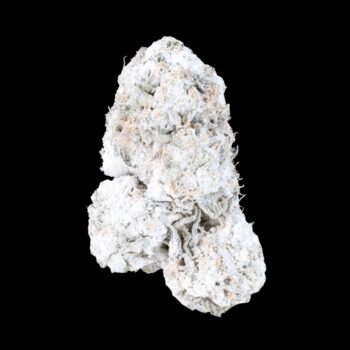 Close-up of Pine Tar THCa Snowball – dense BC indica nug coated in THCa isolate.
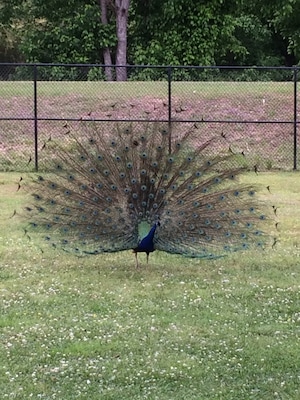 Glories abound.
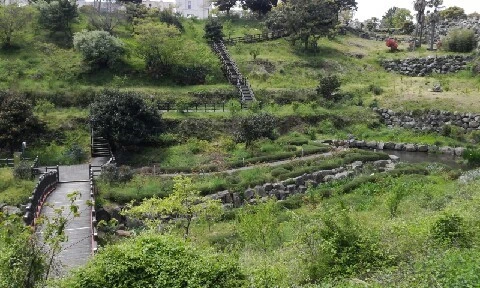 20160418_1252375.jpg?type=w773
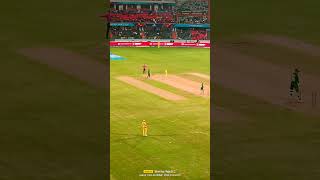 David Warner bowling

┄┄┄┄┄┄

• YOUR OBJECTIVE:
Retype the data above exactly. Do not carry over any images.

• WRITTEN RESPONSE:
 Close-up of Pine Tar THCa Snowball – dense BC indica nug coated in THCa isolate.
 Glories abound.
 20160418_1252375.jpg?type=w773
 David Warner bowling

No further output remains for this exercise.